From the data below, copy exactly the lines that lie between the one holding "в bg.com-full-porner.ru ☑" and the one holding "Peñarol • País: Uruguay", including both, and nothing more.

### DATASET EXCERPTS
^^^^^^^^^^^^^^^^

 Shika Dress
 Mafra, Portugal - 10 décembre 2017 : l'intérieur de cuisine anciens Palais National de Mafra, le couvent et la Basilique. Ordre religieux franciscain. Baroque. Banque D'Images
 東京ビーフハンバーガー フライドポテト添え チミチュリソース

^^^^^^^^^^^^^^^^

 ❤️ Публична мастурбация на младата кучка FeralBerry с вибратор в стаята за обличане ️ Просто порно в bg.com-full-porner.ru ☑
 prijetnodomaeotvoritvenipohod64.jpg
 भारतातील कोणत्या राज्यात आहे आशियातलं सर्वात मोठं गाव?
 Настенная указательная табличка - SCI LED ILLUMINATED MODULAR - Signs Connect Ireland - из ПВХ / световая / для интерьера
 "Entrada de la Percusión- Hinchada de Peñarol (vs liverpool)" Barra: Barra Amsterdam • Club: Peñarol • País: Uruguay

^^^^^^^^^^^^^^^^

### ANSWER TO THE PROBLEM
 ❤️ Публична мастурбация на младата кучка FeralBerry с вибратор в стаята за обличане ️ Просто порно в bg.com-full-porner.ru ☑
 prijetnodomaeotvoritvenipohod64.jpg
 भारतातील कोणत्या राज्यात आहे आशियातलं सर्वात मोठं गाव?
 Настенная указательная табличка - SCI LED ILLUMINATED MODULAR - Signs Connect Ireland - из ПВХ / световая / для интерьера
 "Entrada de la Percusión- Hinchada de Peñarol (vs liverpool)" Barra: Barra Amsterdam • Club: Peñarol • País: Uruguay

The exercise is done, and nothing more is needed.